DRAM chipmaker Nanya Technology Corp (南亞科技) yesterday said that net profit last quarter hit the lowest in three years as a supply glut drove down prices.
DRAM prices are expected to stabilize this quarter and rebound afterward, as the world’s major chipmakers try to stem the price decline by reducing their inventories to a healthy level, the company said.
Net profit last quarter fell 19.8 percent to NT$2.21 billion (US$71.66 million), compared with NT$2.75 billion in the second quarter.
On an annual basis, net profit plunged 83 percent from NT$12.87 billion. Earnings per share fell to NT$0.72 from NT$0.9 in the second quarter and from NT$4.15 a year earlier.
Gross margin fell from 34.9 percent in the second quarter to 28 percent, as prices fell about 13 percent quarter-on-quarter.

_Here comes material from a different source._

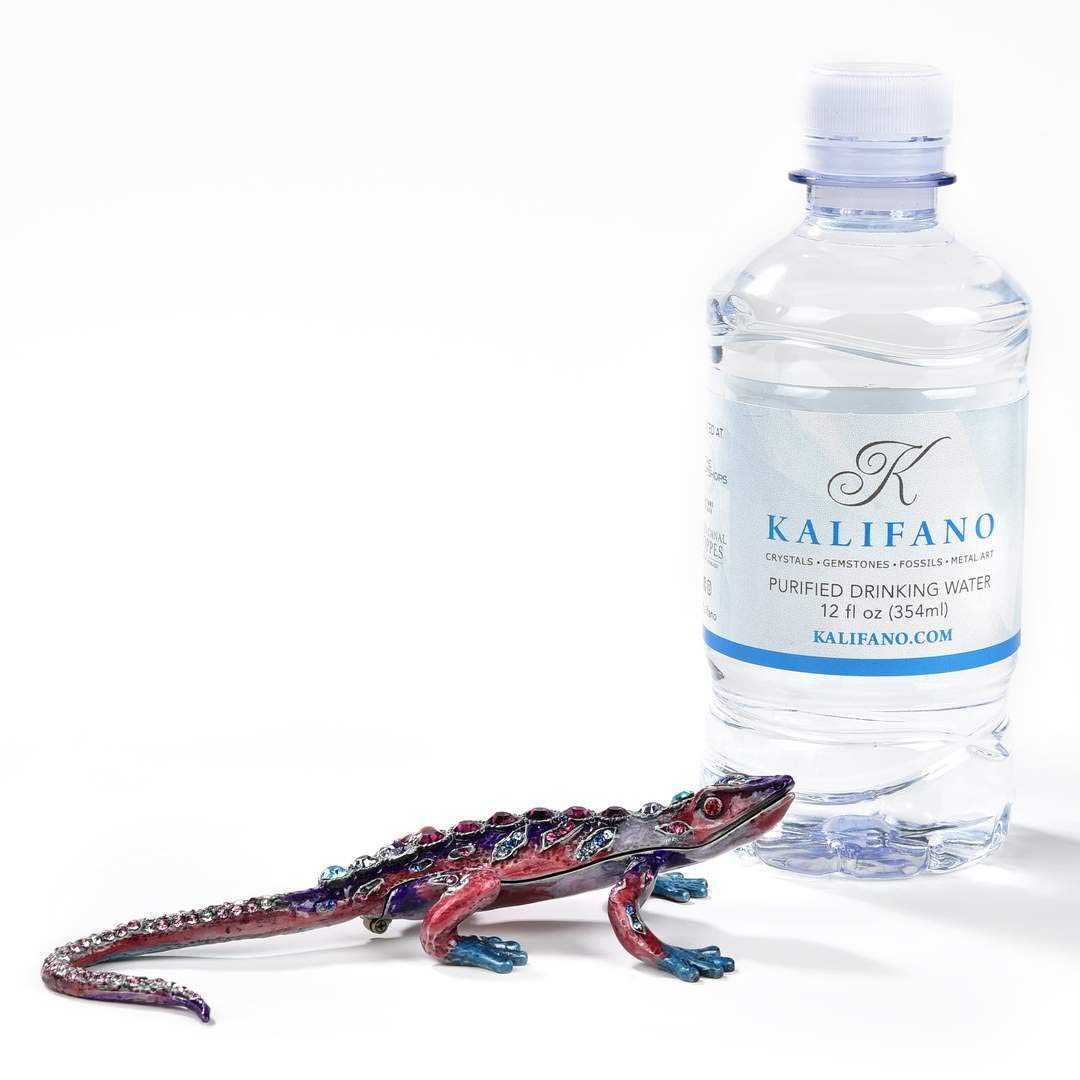 KALIFANO Handmade Jewelry Box for Women - Swarovski Crystal & Gemstone Lizard Design, Earring Necklace Ring Organizer | Perfect for Gift, Travel & Vanity Storage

However, shipments expanded 35 percent quarterly on the back of improving demand for PCs and consumer electronics ahead of the year-end shopping season, the chipmaker said.
Demand continues to increase for servers, PCs, mobile phones and consumer electronics, such as TVs, smart speakers and game consoles, Nanya Technology said.
The growth momentum is to slow down a bit this quarter after peaking in the third quarter, it said.
“Demand and supply are to reach a balance this quarter,” Nanya Technology president Lee Pei-ing (李培瑛) told a media briefing. “Prices are likely to remain flat this quarter, compared with last quarter,”
For the whole of this year, shipments are to expand 13 percent annually, in line with market growth, the company said.
Nanya Technology originally expected shipments to grow by a single-digit percentage this year from last year.
The outlook for next year is rosier, because as most memorychip suppliers “are conservative about capital spending next year; prices are most likely to bounce back in the first quarter next year,” Lee said.
“It is very likely that 2020 will be a better year than 2019. I am pretty confident about that,” Lee said.
However, it remains unclear whether it would be a V-shaped recovery, or a milder one, he said.
The company would remain cautious about its capital expenditures next year, given a nascent recovery in demand and lingering uncertainty about global trade and economy, Lee said.
The chipmaker plans to spend NT$7 billion on new facilities and equipment this year, much lower than last year’s NT$20.4 billion.
Commenting on increasing competition from Chinese peers, such as ChangXin Memory Technologies Inc (合肥長鑫存儲) and Tsinghua Unigroup Ltd (清華紫光), Lee said it would take more time for them to catch up, given high intellectual-property barriers.